Tvano Nebus – The Flood won’t come è un film lituano inserito nel concorso della Settimana Internazionale della Critica durante il Festival del cinema di Venezia 2020. Il film di Marat Sargsyan, regista di origini armene che dirige i suoi film in Lituania, offre una personalissima riflessione sulla guerra. In particolare il film attraverso il suo protagonista, un gendarme “vecchio stampo”, racconta la vita dei soldati in guerra, le strategie di potere che ci sono dietro in modo, la disperazione dei civili e l’attesa infinita dei prigionieri in modo intimista.
La guerra è preparazione: la strategia si controlla, le emozioni no
Un bellissimo piano sequenza tra le montagne ad alta quota dà inizio a Tvano Nebus – The Flood won’t come che denuncia fin da subito uno dei grandi orrori della storia mondiale, le bombe atomiche sganciate su Hiroshima e Nagasaki. Il film prosegue informando semplicemente che è comunicata una nuova guerra, servono uomini, armi, cibo, alleati. Soprattutto è necessario capire dove si svolgerà questa nuova guerra che mette gli uni contro gli altri, popolazioni che si odiano e che vorrebbero risolvere tutto con la violenza. C’è bisogno di un luogo, di un paese in cui sganciare le bombe. A tutto questo deve badare il protagonista del film, un colonnello datato che in passato ha provocato guerre su ordine, in più occasioni in diversi paesi.
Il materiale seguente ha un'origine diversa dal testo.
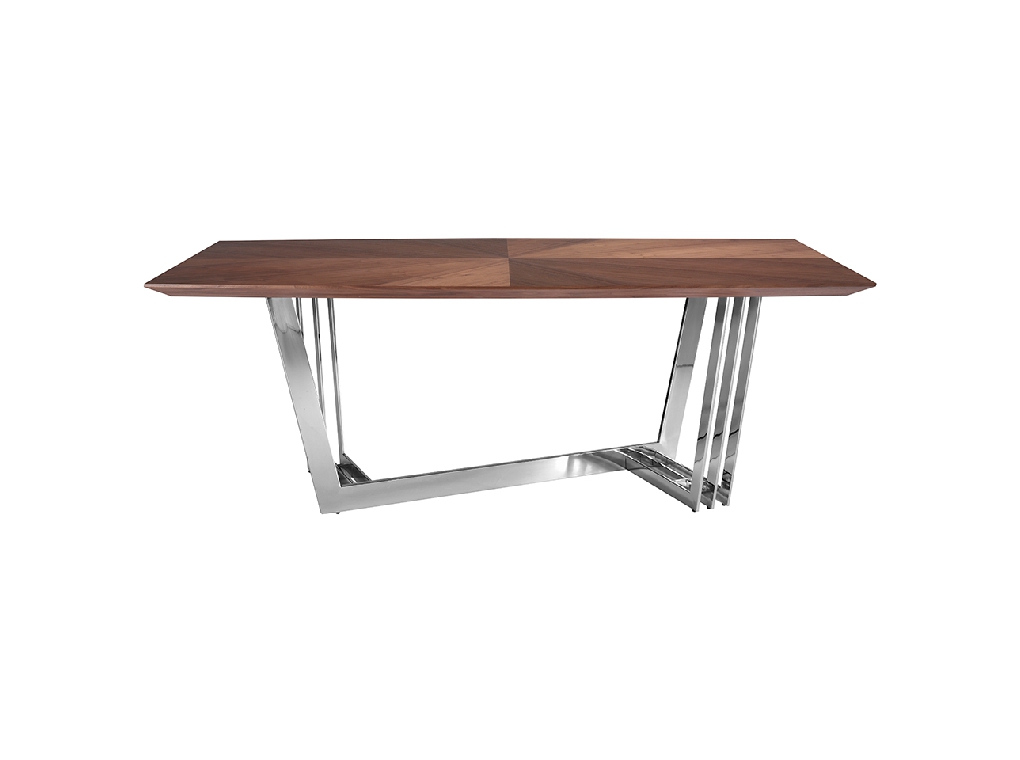 Dining table in walnut wood and chrome-plated steel Dining table in walnut wood and chrome-plated steel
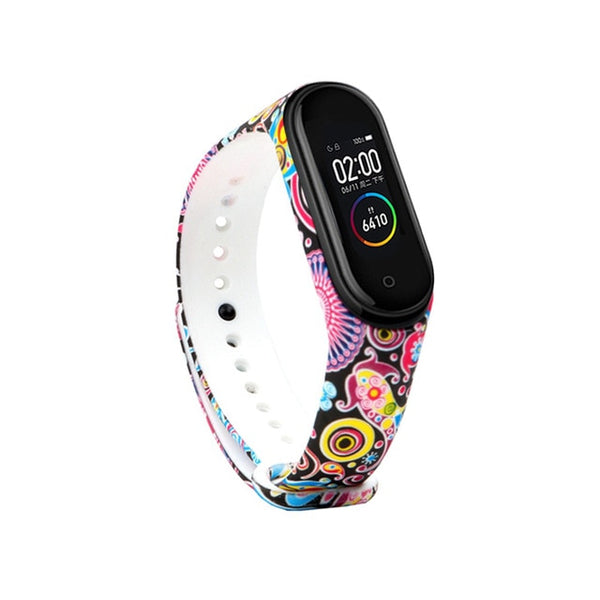 For Mi band 3 4 strap print silicone wrist strap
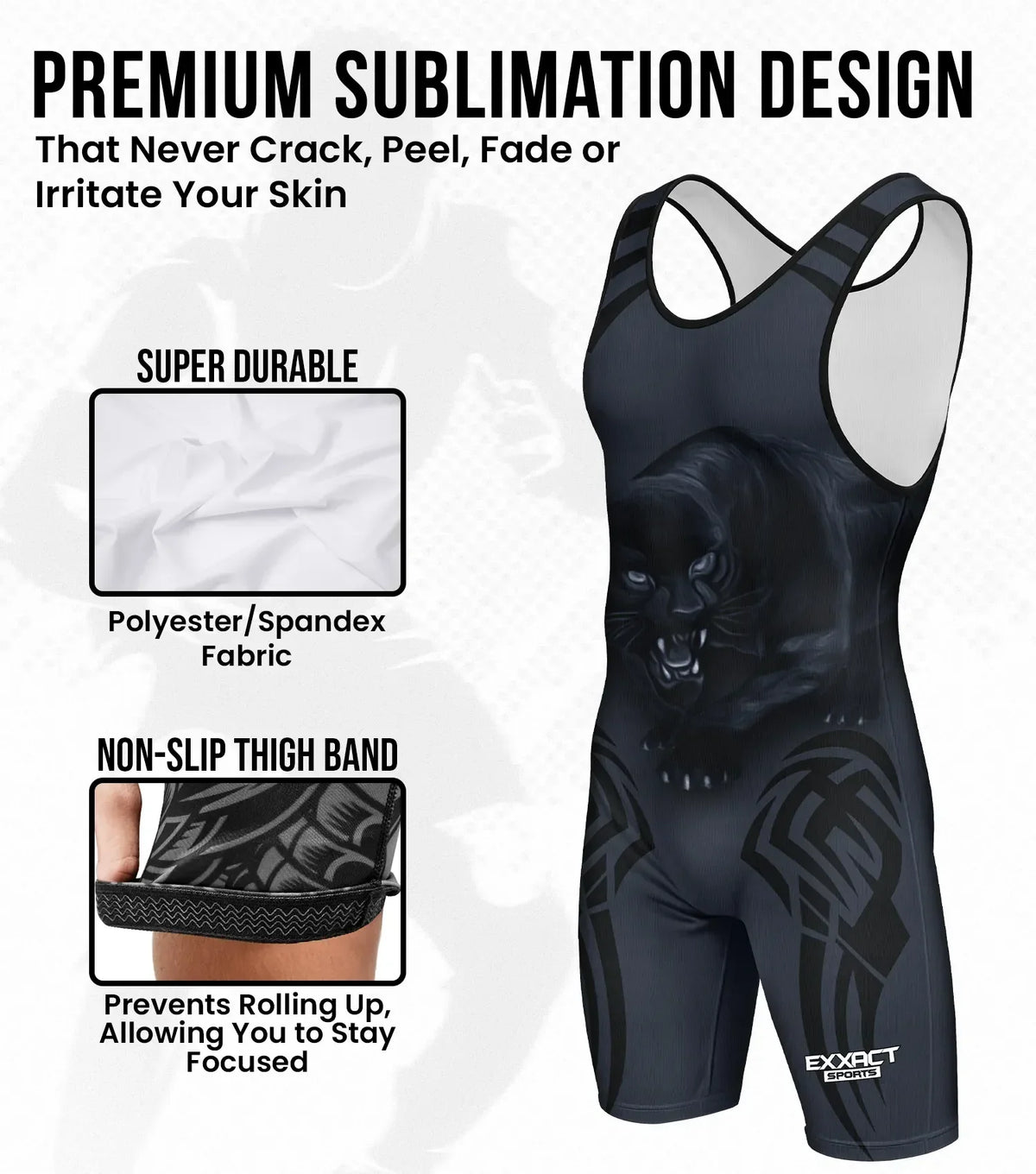 Exxact Sports Boys Youth Sublimated Wrestling Singlets - Black Panther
Ora i suoi seguaci sono cresciuti e hanno causato una guerra nel suo paese. Non vorrebbe combattere questa guerra, ma visto che è costretto almeno vorrebbe combatterla mantenendo salda l’etica. Il colonnello percepisce che il suo tramonto militare è ormai al calare e non vorrebbe altro che riposare, semplicemente prendere un autobus e tornare a casa dalla propria famiglia.
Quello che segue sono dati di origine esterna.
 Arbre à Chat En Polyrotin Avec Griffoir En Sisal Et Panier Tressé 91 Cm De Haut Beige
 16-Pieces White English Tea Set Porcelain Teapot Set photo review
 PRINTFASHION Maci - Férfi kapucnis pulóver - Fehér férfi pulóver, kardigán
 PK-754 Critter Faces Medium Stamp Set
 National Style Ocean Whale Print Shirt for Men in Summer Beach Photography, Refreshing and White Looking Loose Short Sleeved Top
Tvano Nebus svela l’altra faccia della medaglia bellica
Non c’è niente di spettacolare, la guerra di Tvano Nebus viene raccontata senza esplosioni e azione. La violenza però è presente e feroce: da un lato i soldati costretti a misurarsi con delle indicibili atrocità, dall’altra i prigionieri abbandonati a loro stessi e con l’unico appiglio alla fantasia attendono il loro destino. Il regista Marat Sargsyan cerca la strada della riflessione attraversando metafore della religione, dal titolo che allude ad un diluvio universale punitivo che non verrà e che sta a significare l’assenza di un Dio, sia nella discussione che i prigionieri intessono nel loro bunker in cui dicotomicamente si contrappongono la ragione e l’atto di fede. Un racconto contenuto a tratti intimista che svela le assurdità dei conflitti bellici.
Sguardo autoriale e ambientazione naturalistica
Il ritmo del film è cadenzato e la regia naturalistica è d’impatto. Il film sfrutta anche la tecnologia militare per raccontare questa storia senza tempo e senza luogo, con immagini di droni dall’alto e in infrarossi, ma così drammaticamente familiare. Siamo in un mondo in cui le guerre, le esplosioni, gli atti terroristici attraversano la nostra quotidianità con i reportage televisivi e i servizi dei telegiornali, ma chi per fortuna vive queste tragedie filtrate attraverso uno schermo poco o mai riflette su cosa c’è dietro le guerre così lontane da noi. Tvano Nebus – The Flood won’t come prova, centrando l’obiettivo a tratti, a raccontare una delle cose più antiche senza eroi e senza cattivi, ma solo con anime perse.